Siempre me ha fascinado cómo un texto puede tener huellas muy concretas sobre un mapa: en el caso de «Isaías 40», lo que realmente aparece en los mapas históricos de Judá no es el capítulo en sí, sino los lugares que el capítulo evoca. Si abres un atlas bíblico verás marcados Jerusalén (a menudo como Sión), la región montañosa alrededor de la ciudad y, hacia el este y sureste, el Desierto de Judea o desierto de Jerusalén, que encaja con la imagen del 'desierto' y la 'vía' que menciona el pasaje.
Además, hay una conexión arqueológica muy directa: el manuscrito conocido como el Gran Rollo de «Isaías» (1QIsaª) apareció en las cuevas de Qumrán, en la orilla noroeste del Mar Muerto, dentro del territorio histórico de Judea. Ese hallazgo se suele situar en mapas arqueológicos de la región, así que si buscas mapas históricos/arqueológicos de Judá verás señalado Qumrán y, por extensión, la presencia tangible del texto de «Isaías 40» en ese espacio geográfico.

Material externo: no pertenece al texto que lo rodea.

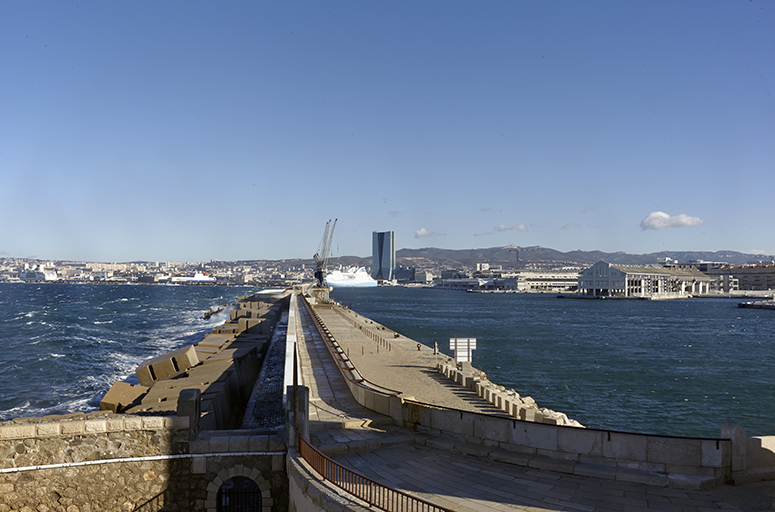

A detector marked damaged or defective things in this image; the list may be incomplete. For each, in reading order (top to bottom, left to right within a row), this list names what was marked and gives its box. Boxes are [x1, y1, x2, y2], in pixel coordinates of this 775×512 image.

rusty metal fence [298, 436, 454, 512]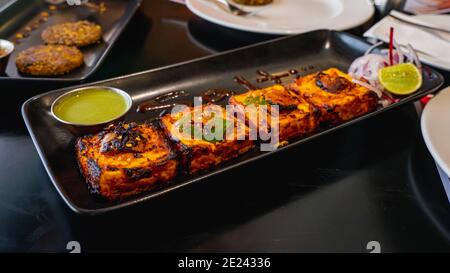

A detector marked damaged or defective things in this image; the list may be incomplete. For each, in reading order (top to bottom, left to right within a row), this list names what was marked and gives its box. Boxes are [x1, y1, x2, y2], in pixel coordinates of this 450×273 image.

charred paneer cube [75, 121, 178, 200]
charred paneer cube [161, 103, 253, 173]
charred paneer cube [229, 84, 320, 141]
charred paneer cube [292, 67, 380, 124]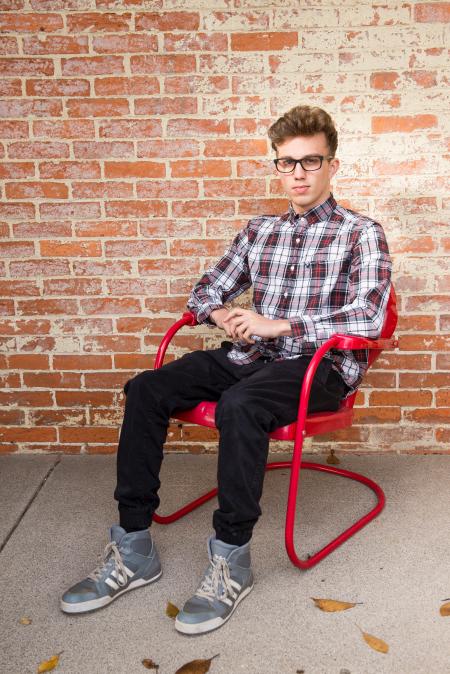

En resumen, «Isaías 40» no es un punto en el mapa, sino un conjunto de referencias: Sión/Jerusalén, el desierto de Judea y la gran ruta hacia
babilonia cuando se habla del
exilio; y físicamente aparece en mapas arqueológicos gracias al hallazgo en Qumrán, lo que para mí hace que la lectura del capítulo sea mucho más viva.